Mark Mumford, a former nontenured faculty member in the Department of Architecture (the department), College of Design, at Iowa State University (ISU), brought this civil rights action in the United States District Court for the Southern District of Iowa against members of the University’s faculty and administration (defendants), alleging that he was discharged in violation of his constitutional rights and Iowa common law. Mumford appeals from three separate orders in which the district court (1) dismissed his claims of tortious interference with contract and tortious interference with prospective business advantage, Mumford v. Godfried, No. 4-92-10530 (S.D.Iowa Nov. 23, 1992) (failure to state a claim); (2) dismissed his claim that defendants violated his Fourteenth Amendment right to due process, id. (Feb. 7, 1994) (partial summary judgment); and (3) dismissed his claim that defendants violated his First Amendment right to free speech. Id. (June 14, 1994) (summary judgment). For reversal, Mumford argues that the district court erred in holding that (1) defendants are immune from liability on his tort claims under Iowa state law; (2) he had no right to due process because he lacked a property interest; and (3) his speech was not a matter of public concern and therefore not protected under the First Amendment.
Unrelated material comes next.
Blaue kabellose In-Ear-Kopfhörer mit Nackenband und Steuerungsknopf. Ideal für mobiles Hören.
For the reasons discussed below, we reverse the district court’s summary judgment dismissal of Mumford’s First Amendment claim, affirm on the remaining issues, and remand for further proceedings consistent with this opinion.
Background
On August 21,1983, Mumford was appointed to a temporary position on the ISU faculty. The position was to expire on May 20, 1984, unless renewed. For two consecutive years his temporary appointment was renewed, extending the appointment to May 20, 1986. In February of 1986, Mumford entered into an agreement with ISU for a two-year probationary appointment, to expire May 20, 1988. His probationary contract was renewed for a second two-year term, ending on May 20, 1990. The probationary appointment was to be automatically renewed for another two years unless notice to the contrary was given by May 20,1991. His probationary appointment did automatically renew for another two years, thus extending his employment to May of 1992.
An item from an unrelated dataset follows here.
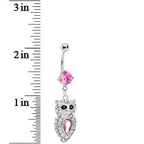 Sparkling Pink Gem Owl Belly Ring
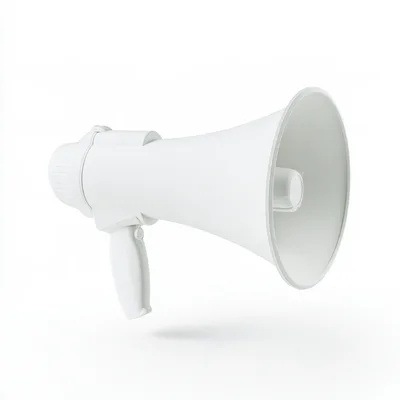 White Megaphone Isolated On White Background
On October 8, 1990, ISU adopted a document entitled “Procedures Governing the Status of Long-Term Non-Tenure Track *758Faculty [at] Iowa State University.” Pursuant to these written procedures, persons who, as of that date, had been on temporary or adjunct appointment for more than seven consecutive years would be considered to have a continuous adjunct appointment, subject to termination only for cause.
In early 1991, Mumford was denied tenure, and his probationary appointment was affirmatively terminated. Thus, his employment with ISU ended on May 20, 1992.
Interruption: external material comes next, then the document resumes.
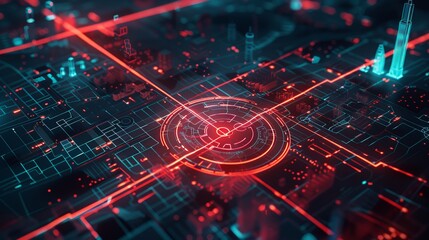 A futuristic 3D rendering presents a top-view city map enhanced with navigator lines and destination GPS markers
Mumford alleges that, during his employment at ISU, he was openly critical of what he considered to be unsound teaching and administrative practices within the department. For example, he alleges that he criticized the department for maintaining too close a relationship with the local architectural business community. He allegedly complained that the business community exercised undue influence over the curriculum and education at ISU. He further alleges that he expressed the view that this relationship and undue influence were potentially unethical because the business community was motivated by financial pursuits rather than the academic interests of the students and ISU. He claims that he was terminated because of his open criticisms of the department.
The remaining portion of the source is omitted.